Required Skills & Experience
- A minimum of 4 years of professional experience in data engineering, with at least 2 years specifically focused on master and reference data.
- Advanced expertise in Master Data Management (MDM) principles and best practices, with proven experience designing and implementing robust dimensional data models and architectural MDM solutions.
- Proficiency in a SQL-first development environment, with expert-level SQL skills for data modeling and transformations.
- Hands-on experience with modern cloud data platforms, particularly Databricks (for SQL notebooks, views, and dimensional modeling) and AWS RDS for PostgreSQL.
- Experience building and optimizing robust batch and streaming data pipelines.
- Proficiency in building and extending REST API endpoints on a PostgreSQL database to facilitate data synchronization and consumption by internal applications.
- Working knowledge of Python and Spark, utilized selectively for workloads where they are a better fit than SQL.

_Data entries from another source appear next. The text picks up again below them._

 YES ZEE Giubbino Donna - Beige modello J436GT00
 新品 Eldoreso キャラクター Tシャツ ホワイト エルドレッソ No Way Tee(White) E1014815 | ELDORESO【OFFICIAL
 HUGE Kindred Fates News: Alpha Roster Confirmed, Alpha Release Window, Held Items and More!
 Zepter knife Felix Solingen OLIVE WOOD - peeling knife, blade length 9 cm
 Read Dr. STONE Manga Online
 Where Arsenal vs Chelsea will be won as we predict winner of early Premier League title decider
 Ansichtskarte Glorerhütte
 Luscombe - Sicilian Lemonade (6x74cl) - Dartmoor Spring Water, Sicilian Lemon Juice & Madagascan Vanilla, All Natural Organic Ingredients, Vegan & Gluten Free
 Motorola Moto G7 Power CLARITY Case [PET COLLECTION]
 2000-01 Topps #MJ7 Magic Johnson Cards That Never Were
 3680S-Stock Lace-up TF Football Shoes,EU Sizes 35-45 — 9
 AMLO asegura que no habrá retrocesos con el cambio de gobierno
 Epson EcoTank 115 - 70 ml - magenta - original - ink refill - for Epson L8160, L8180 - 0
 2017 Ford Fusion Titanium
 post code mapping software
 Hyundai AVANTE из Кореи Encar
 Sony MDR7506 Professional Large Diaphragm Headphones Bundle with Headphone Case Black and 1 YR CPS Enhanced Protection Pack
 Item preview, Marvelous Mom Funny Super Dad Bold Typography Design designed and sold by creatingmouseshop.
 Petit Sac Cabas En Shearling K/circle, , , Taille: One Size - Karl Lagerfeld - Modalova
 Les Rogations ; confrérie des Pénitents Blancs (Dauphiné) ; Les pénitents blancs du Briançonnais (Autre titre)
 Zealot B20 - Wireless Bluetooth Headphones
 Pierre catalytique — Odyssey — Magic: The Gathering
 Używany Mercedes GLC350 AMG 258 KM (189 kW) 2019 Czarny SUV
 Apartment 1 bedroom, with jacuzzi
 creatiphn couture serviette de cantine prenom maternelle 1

- Demonstrated ability in source system analysis, data profiling, and data mapping to ensure data integrity.
- Working knowledge of Agile/Scrum methodologies and familiarity with lifecycle management tools such as Jira and Confluence.
- Familiarity with software engineering best practices, including code reviews and CI/CD workflows (e.g., GitHub), and experience collaborating with platform teams on deployments.
- Strong business acumen, analytical skills, and intellectual curiosity with a high attention to detail
Nice to Have
- Professional experience within the logistics or supply chain industry.
- Experience implementing data quality frameworks and tools, such as dbt tests or Great Expectations.
- A foundational understanding of Generative AI concepts and their application in improving development efficiency, such as using built-in Databricks AI features.
- Hands-on experience with advanced Databricks features, including Unity Catalog for governance or Delta Live Tables (DLT) and Workflows for orchestration.
- Practical experience applying Generative AI for advanced data management tasks, such as PII detection or NLP-based entity resolution.
- Relevant professional certifications, such as Databricks Certified Data Engineer or AWS Certified Database - Specialty.
- Proven experience in mentoring other engineers or training business stakeholders and data stewards on data management best practices.
Soft Skills
- Exceptional Communication and Collaboration: Effectively articulate complex data concepts to diverse stakeholders, leading requirements gathering and collaborating closely with cross-functional teams, including platform and governance, to align on data strategies and processes.
- Leadership and Mentorship: Guide the design and development of master data solutions while actively sharing expertise, providing training, and promoting data management best practices to enhance data literacy across the organization.
- Analytical Acumen and Attention to Detail: Employ strong analytical and organizational skills to conduct meticulous source system analysis, data profiling, and mapping, with an intellectual curiosity to identify patterns and ensure the highest standards of data integrity.
- Autonomy and Adaptability: Demonstrate a proactive, self-starting approach to problem-solving, comfortably navigating ambiguity and adapting quickly to changing priorities in a dynamic, fast-paced environment.
- Strong Sense of Ownership: Take full accountability for the end-to-end lifecycle of master data solutions, from initial design and modeling to managing the API endpoints that ensure data synchronization and integrity across systems.
Why You Will Love Working with Lean Tech
Join a powerful tech workforce and help us change the world through technology
- Collaborative work environment
- Professional development opportunities with international customers
- Career path and mentorship programs that will lead to new levels.
Join Lean Tech and contribute to shaping the data landscape within a dynamic and growing organization. Your skills will be honed, and your contributions will play a vital role in our continued success. Lean Tech is an equal opportunity employer. We celebrate diversity and are committed to creating an inclusive environment for all employees.